Der Granatapfel oder Grenadine (Punica granatum) ist ein sommergrüner Laubbaum. Er kann bis zu 15 Meter Höhe erreichen, wird bis zu 3 Meter breit und hat an der Spitze stumpfe, etwa 10 Zentimeter lange, glänzende Blätter. Im Frühjahr und Sommer trägt er an den Zweigenden große, trichterförmige, achtzählige, orangerote Blüten, gefolgt von den apfelähnlichen, anfangs grünen und später orangeroten Früchten. Sie werden in den Monaten September bis Dezember geerntet.
Der Granatapfelnaum kann einige 100 Jahre alt werden. Er wächst im westlichen bis mittleren Asien. In Indien wird er auch als Gewürz angebaut.

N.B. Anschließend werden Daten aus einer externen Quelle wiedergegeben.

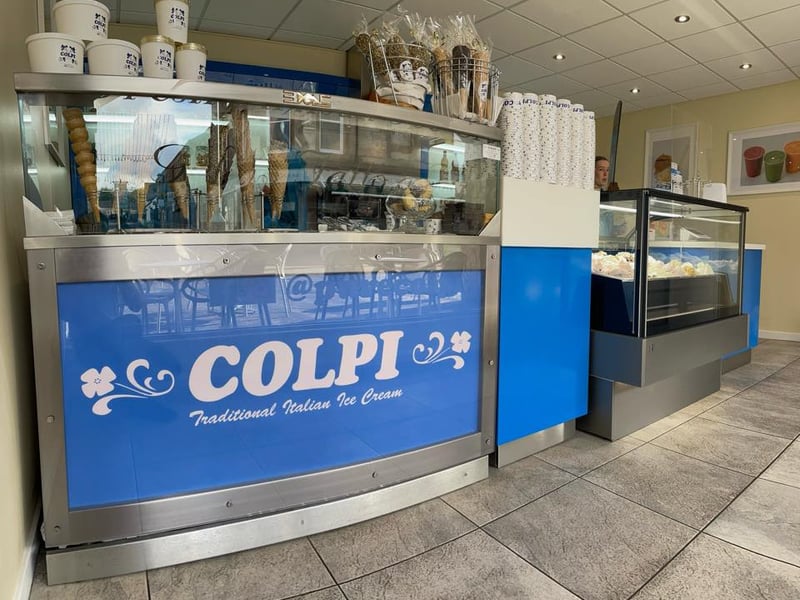 Best Gelateria / Dessert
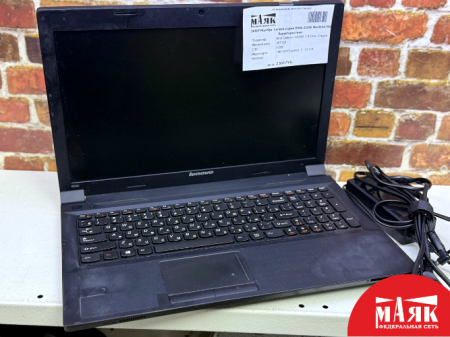 О4 Б/У Ноутбук  Lenovo серии B590-20206 №e00447806
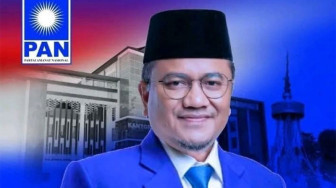 PAN Tetapkan 11 Ketua DPD se-Provinsi Jambi, Maulana Kembali Pimpin PAN Kota Jambi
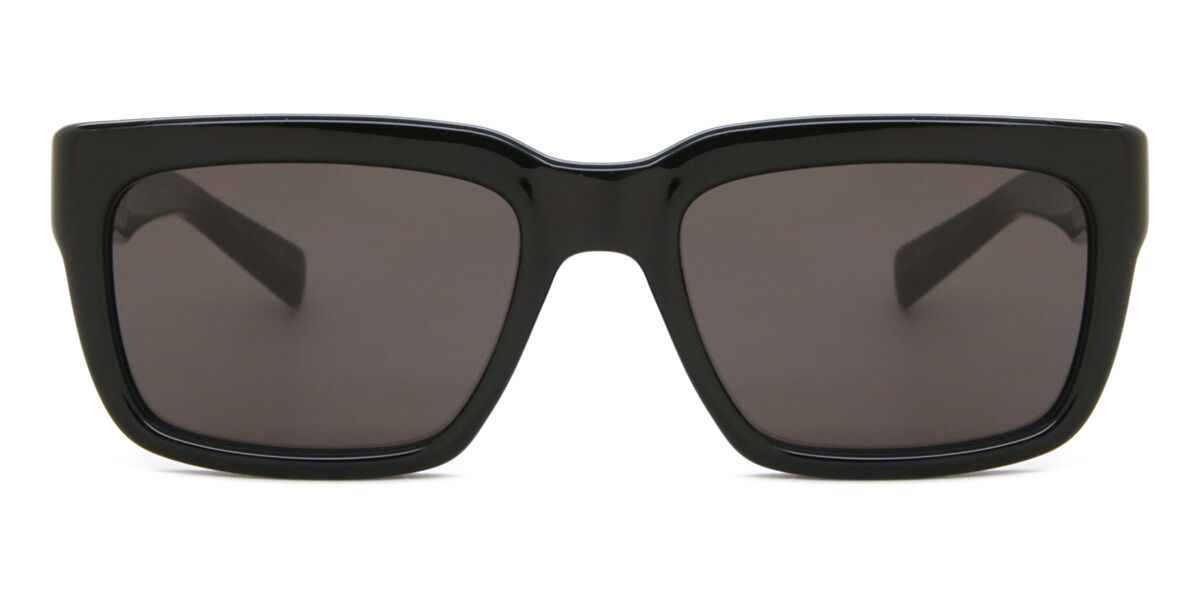 Image of Saint Laurent SL 615 001 Óculos de Sol Masculino Pretos BRLPT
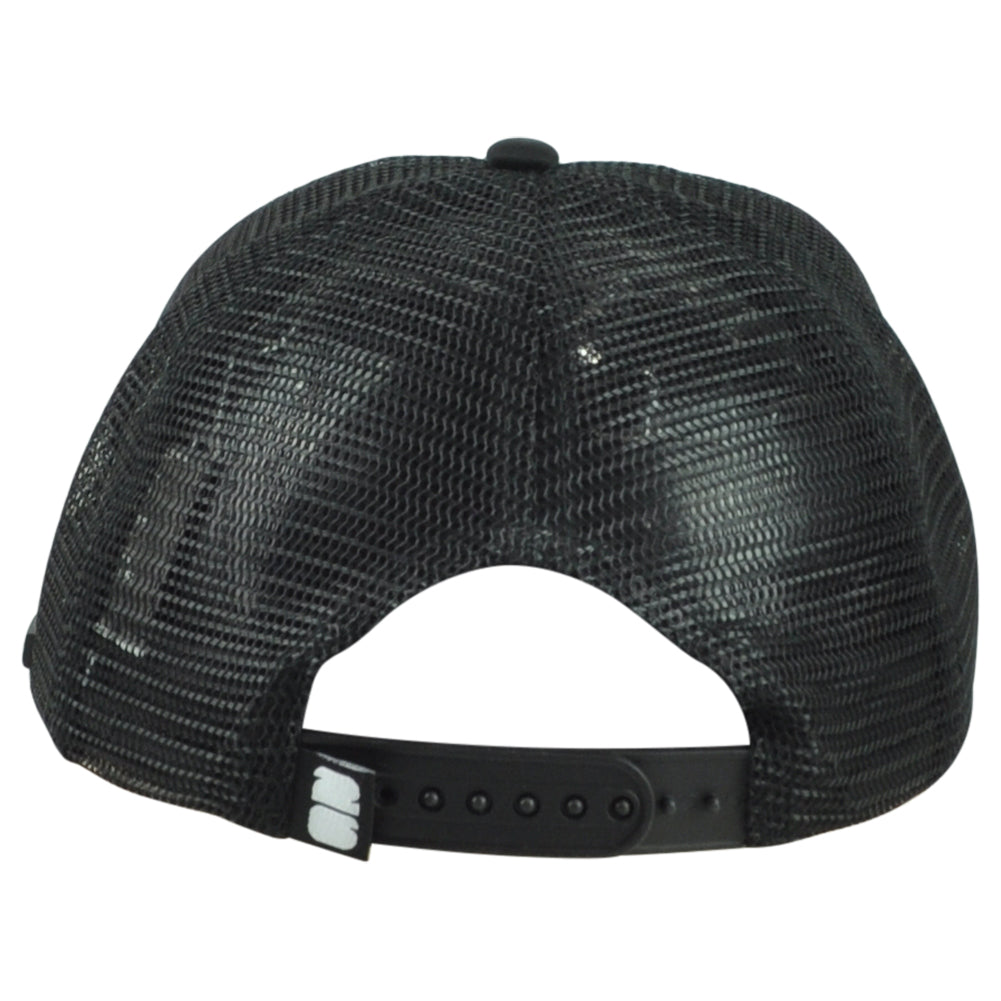 2026 FIFA World Cup Foam Trucker Cord We Are 26 CAN MEX USA White Black Hat Cap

Schale und Saft des Granatapfels liefern seit Jahrhunderten Farbstoffe für Orientteppiche. Kocht man die Frucht, erhält man pechschwarze Tinte. Aus dem Extrakt der Wurzeln des Granatapfelbaums können mit Eisenbeize tief dunkelblaue Farbtöne erzeugt werden.
Der Granatapfel in den Religionen
Der Granatapfel ist das Symbol der syrischen Göttin Atargatis.
Auch im Alten Testament der Bibel wird die Frucht mehrfach erwähnt: Der Granatapfel soll 613 Kerne haben, genauso viele Gesetze enthält das Alte Testament.
Im antiken Griechenland wurde der Granatapfel den Gottheiten der Unterwelt, Hades und Persephone, zugeschrieben. Hades entführte Persephone. Doch Göttervater Zeus beschloss, das Mädchen dürfe zu seiner Mutter zurückkehren, wenn es in der Unterwelt nichts gegessen habe. Kurz vor der Rückkehr drückte Hades sechs Granatapfelkerne in Persephones Mund. Da sie nun doch etwas gegessen hatte, musste sie ein Drittel des Jahres bei Hades in der Unterwelt bleiben, die anderen zwei Drittel durfte sie bei ihrer Mutter Demeter verbringen.
Den Streit der griechischen Göttinnen Hera, Athene und Aphrodite, wer die Schönste sei, beendete der Trojaner Paris, indem er Aphrodite einen Granatapfel überreichte.